An example of this communication shortcoming is the failure to refute the explanations of numerous airlines over recent months to suspend flights to Venezuela. Delta, United, Lufthansa, Avianca, Iberia, Aeromexico, AeroArgentina have pulled out of Venezuela, while American has canceled many of its flights including those to New York. The airlines offer completely different explanations for their decision and none of them are convincing. American says that it’s because of insecurity, but if that’s the reason why haven’t they eliminated all flights? Furthermore, I have seen personally the routine ground transportation of the airline crews in special vehicles from Maiquetía to a neighboring hotel with no appearance of danger at all. Another argument, that the government owes the airlines money, isn’t at all convincing either. The debt stems from the period when Venezuelans could purchase tickets in bolívares and the government was supposed to convert the bolívares into dollars for the airlines, but that practice was ended about three years ago. So why did the airlines choose the period of heightened political conflict manifested by the guarimba protests in 2017 to discontinue flights?

In August, National Constituent Assembly (ANC) deputy Jacobo Torres delivered a speech in which he referred to the suspension of flights as an example of the economic war. Chavista leaders, however, have to refute the justifications presented by the airlines, one by one. Calling this part of the “economic war” – which indeed it is – is not enough. Airport talk among travelers typically blames Maduro for the difficulties incurred by passengers, rather than the airlines. Specific information is what is needed. The devil is in the details.

Another example of the explanatory shortcoming is the problem of absence of circulating currency. This has been nothing less than an ordeal for the entire nation cutting across class lines. People wait in long lines in and outside of banks and usually are able to withdraw only 10,000 bolivares or less per day. That is the equivalent of less than 50 U.S. cents. I have conducted an unofficial survey of explanations offered by Chavista sympathizers. The fact that different theories are floating around regarding the cause of the shortage of bills, and that even Chavistas are unclear as to what is happening, is clear evidence of a communication problem on the part of the government.
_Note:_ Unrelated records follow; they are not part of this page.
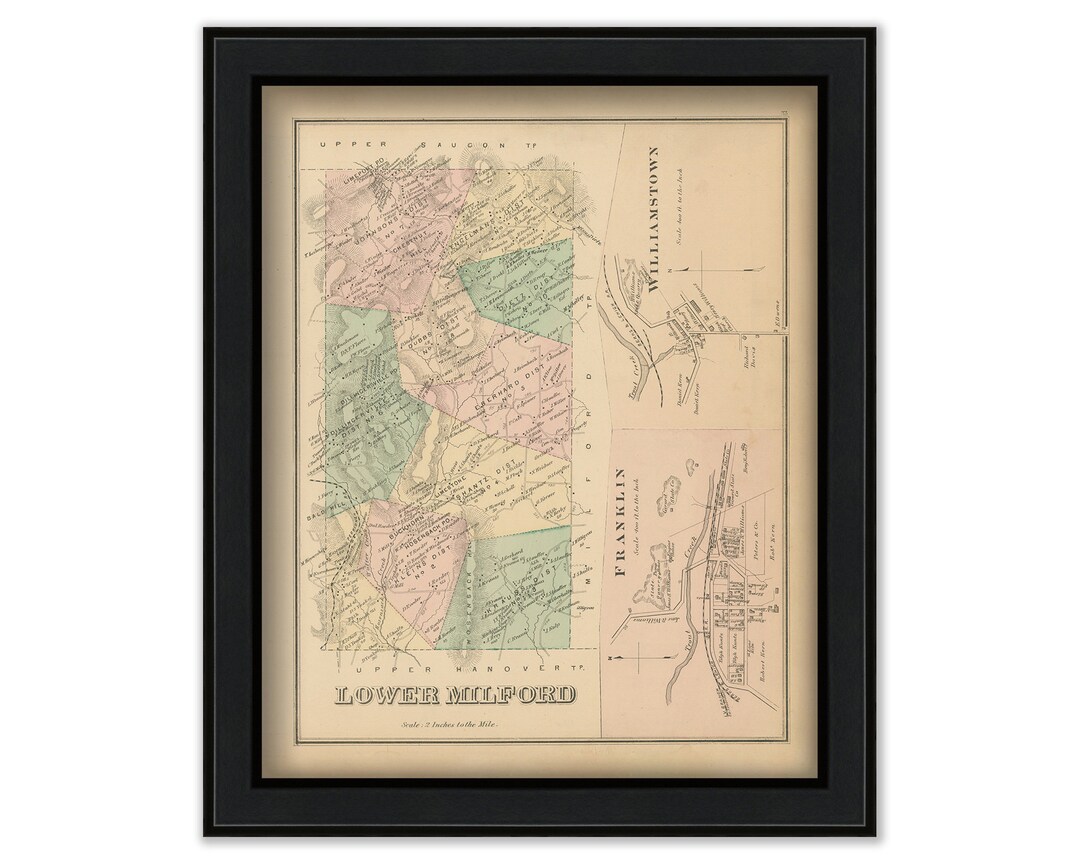 LOWER MILFORD Pennsylvania 1876 Map Replica or Genuine Etsy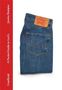 Text: "Jessica Bumpus, A Pocket Guide to Levi's, Unofficial." Eine gefaltete Levi's-Jeans mit braunem Etikett., Buch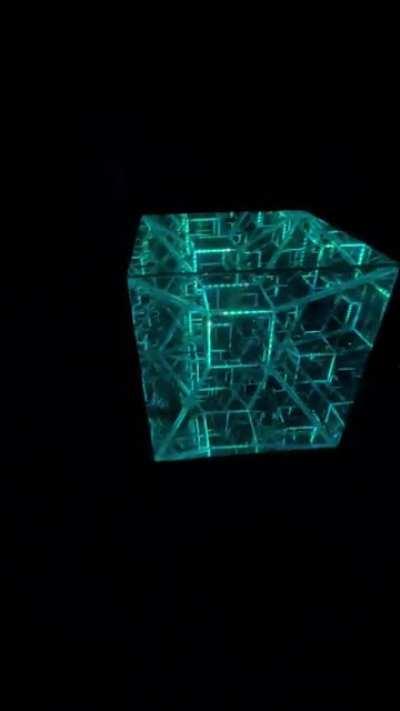 Tesseract Infinity Mirror Art Sculpture by nickyalice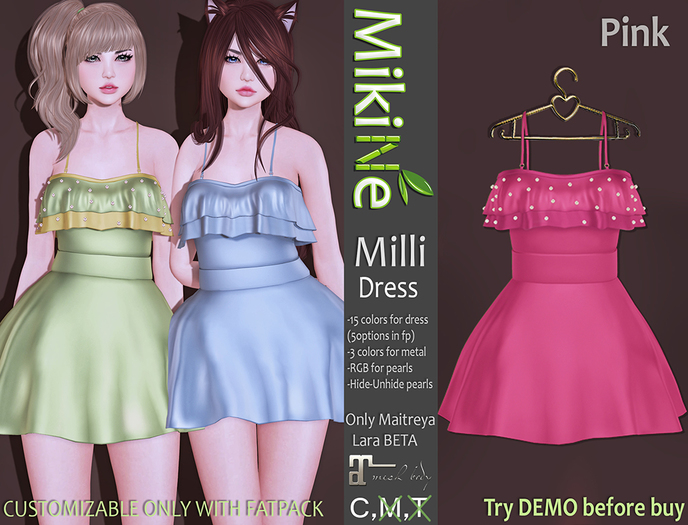 -MikiNe-Milli dress-Pink(Maitreya BETA)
One unexpected bright spot is the anti-corruption efforts of recently appointed Attorney General Tarek William Saab in what he is calling a “crusade.” Crucially, he has the backing of President Maduro and the state infrastructure, including different police forces. On various occasions the Attorney General has addressed the nation presenting details of important state functionaries as well as businesspeople and in some cases members of state security forces who have been arrested. He presents names of the culprits and details of their operations as well as his own efforts. For instance, today (October 18) he indicated that a bank account has been opened in one of the state banks where the bills that were confiscated are being deposited. The explicitness of Saab’s presentations contrasts with operations in the past, in which names and other details of the accused were not presented. Apparently the government acquiesced to Fedecámaras’ insistence that businesspeople accused of wrongdoing should be considered innocent until a judge’s verdict indicates the contrary.

Following the Chavista electoral victory on October 15, Chavista leaders have begun to talk of a reactivation (“reimpulso”) and renovation of the Chavista movement and the need for elected officials to be more in tune with the people and more open to criticism. These calls were expressed in the ANC’s session of accreditation of elected governors on October 18. ANC president Delcy Rodríguez, elected governor of Lara Carmen Melendez and elected governor of Miranda Héctor Rodríguez all articulated this message. To be effective, the renovation has to include a new type of discourse which bypasses empty generalizations and stresses the specific, concrete aspects of the problems effecting people’s daily lives and the specific actions that are being taken to alleviate those problems.